4.レポーターアッセイを用いてmiR-140-3pがNF-κBのcoactivatorであるNRIP1を標的としていることを示した。またDDX20ノックダウン細胞では、NRIP1のタンパク質の発現は著明に増加していた。さらに、ヒト肝組織では癌部では非癌部に比べDDX20の発現が低下している一方で、NRIP1のタンパク質の発現は増加していた。一方、NRIP1を過剰発現させるとNF-κBの活性は増強したが、DDX20ノックダウン細胞において、NRIP1をノックダウンするとNF-κBの活性は減弱したことから、DDX20の発現が低下した状態ではNRIP1の発現増加を介してNF-κBの活性増強がもたらされている可能性が示唆された。これまでの実験結果をin vivo で検証したところ、miR-140ノックアウトマウスの肝組織においてNRIP1の発現レベルは増加していた。上記の結果から、少なくともmiR-140の標的遺伝子のひとつとしてNRIP1があることが示唆された。
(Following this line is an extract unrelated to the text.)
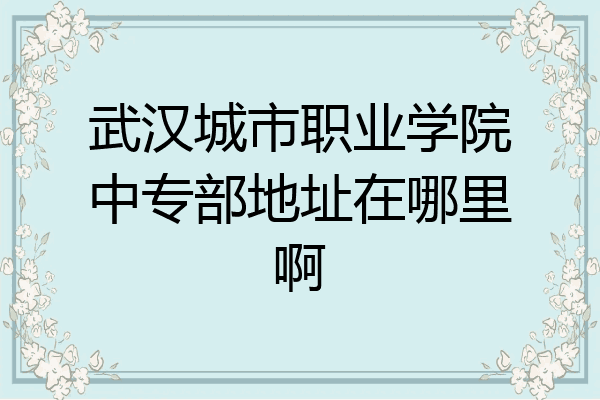 武汉城市职业学院中专部地址在哪里啊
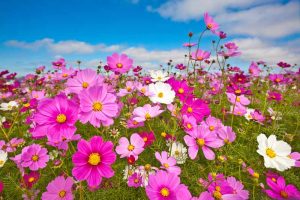 25 of the Best Cosmos Flower Cultivars for Your Yard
以上、本論文は肝臓におけるDDX20の発現低下によりmiR-140-3pの機能が減弱し、NF-κB活性が増強することで肝細胞癌の発生・進展に関与している可能性を明らかにした。本研究は他の腫瘍においても、miRNAの発現量の変化だけでなくmiRNPの発現量の低下に伴うmiRNAの異常について検討することが病態生理の解明に必要であることを示唆するものであり、学位の授与に値するものと考えられる。